Difasilitasi oleh TEMPO Institute dan narasumber dengan pengalaman luas di bidang penelitian dan media, lokakarya ini fokus pada konsep menulis efektif dan latihan praktis.
Salah satu narasumber, Dr. Yanuar Nugroho, Asisten Penasehat Kepala Unit Kerja Presiden untuk Pengawasan dan Pengelolaan Pembangunan (UKP4), mengelaborasi langkah-langkah menulis efektif yang baik: Membuat Rencana, Menulis Draft, Merevisi, Mengedit, dan Memastikan Format. Yanuar juga menekankan pentingnya menarik target pembaca yang berbeda melalui berbagai jenis tulisan, baik itu opini, berita harian, atau artikel di majalah terkemuka. Pada saat bersamaan, seorang peneliti diharapkan mempertahankan identitasnya dengan tetap menghasilkan tulisan akademik.

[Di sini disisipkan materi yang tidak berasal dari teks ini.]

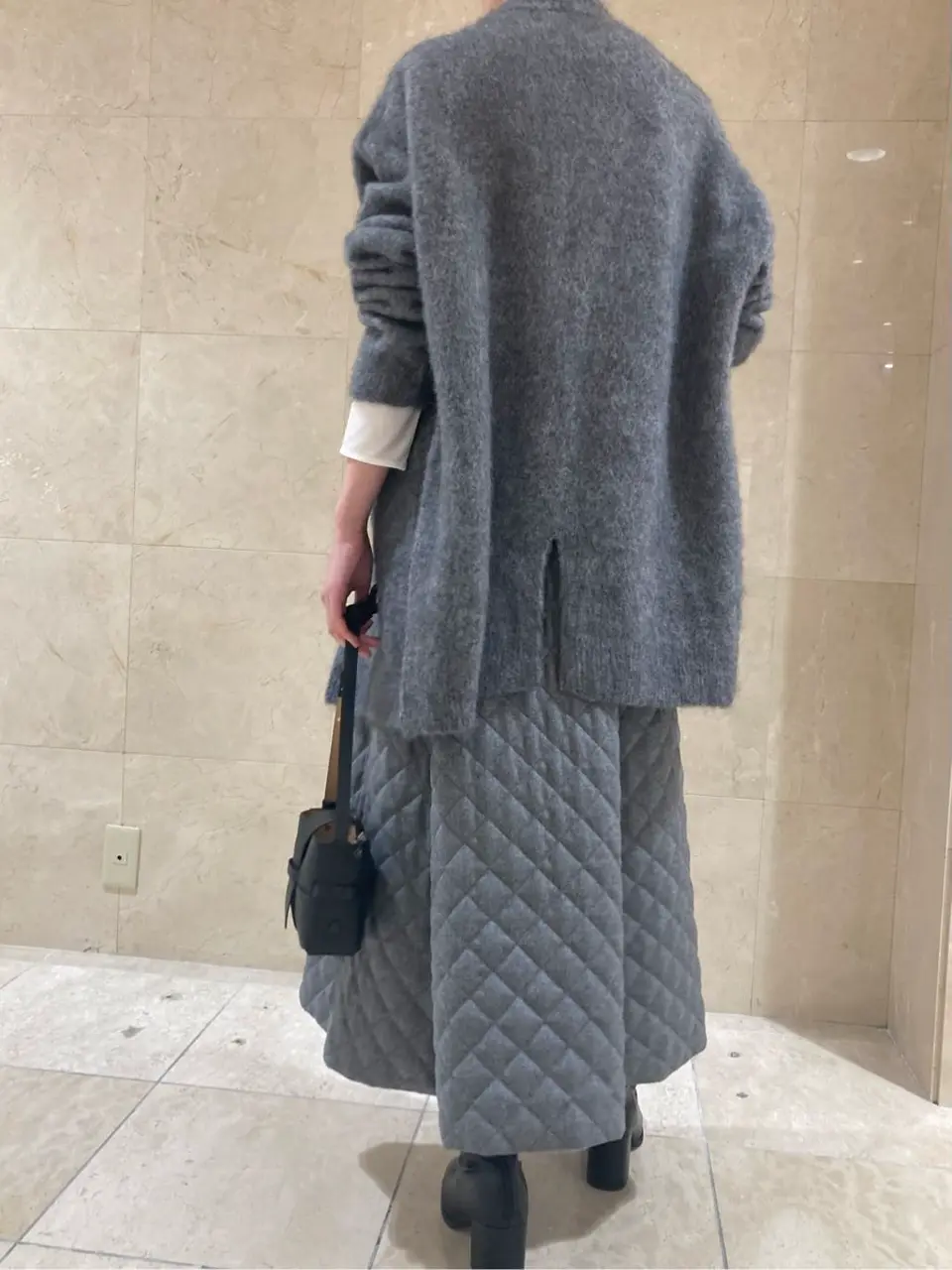 BEIGE， スタッフ コーディネート画像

Peserta juga mempelajari mengenai pentingnya memilih angle (sudut pandang), struktur, alur dan gaya bahasa dalam tulisan. “Menulis adalah tentang mengorganisasi ide. Oleh karena itu memilih angle menjadi penting dalam menetapkan fokus dan menelusuri ide-ide melalui cara yang menarik dan relevan bagi pembaca. Sesuatu yang baru, penting, atau menimbulkan dampak, adalah tiga pertimbangan pemilihan sudut pandang,” ujar M. Taufiqurohman dari TEMPO.

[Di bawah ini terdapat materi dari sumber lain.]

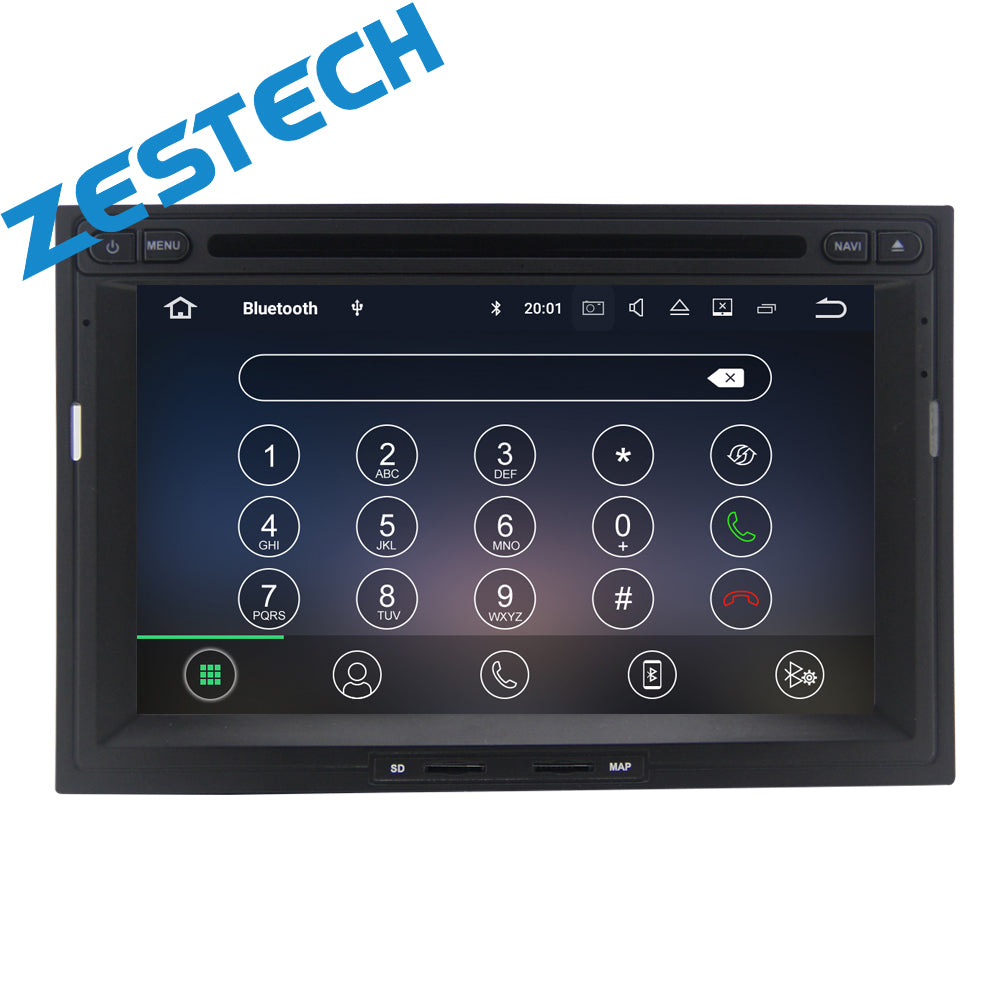 ZESTECH Android 10 touch screen dvd multimedia for Peugeot 3008 car stereo gps and rear view camera car dvd player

Latihan praktis mengenai aspek-aspek penulisan ini bagi para peserta terintegrasi dalam berbagai sesim termasuk sesi wawancara langsung dengan pembuat batikdari Bantul, Yogyakarta. Setiap peserta kemudian mendapat kesempatan membaca draft tulisan masing-masing dan mendiskusikannya dalam kelompok yang didampingi oleh editor senior TEMPO sebagai pengulas.
“Sesi pendampingan ini sangat membantu karena setiap peneliti memiliki gaya menulis tersendiri. Sebagai editor kami sering menghadapi tantangan untuk menghasilkan artikel yang singkat, padat dan berarti,” ujar Faustinus Andrea, redaktur pelaksana CSIS.
Di akhir lokakarya, setiap peserta mengisi lembar kegiatan tindak lanjut dan menetapkan komitmen lembaga masing-masing dalam tiga bulan ke depan. Sebagian besar menyebutkan keinginan untuk mengadakan sesi berbagi pengetahuan mengenai menulis efektif di dalam organisasi masing-masing, serta mulai menulis artikel untuk blog Tempo - Indonesiana, atau koran nasional lain.
Lokakarya ini merupakan bagian dari Seri Lokakarya Komunikasi yang diselenggarakan KSI dan akan berlangsung sepanjang 2014.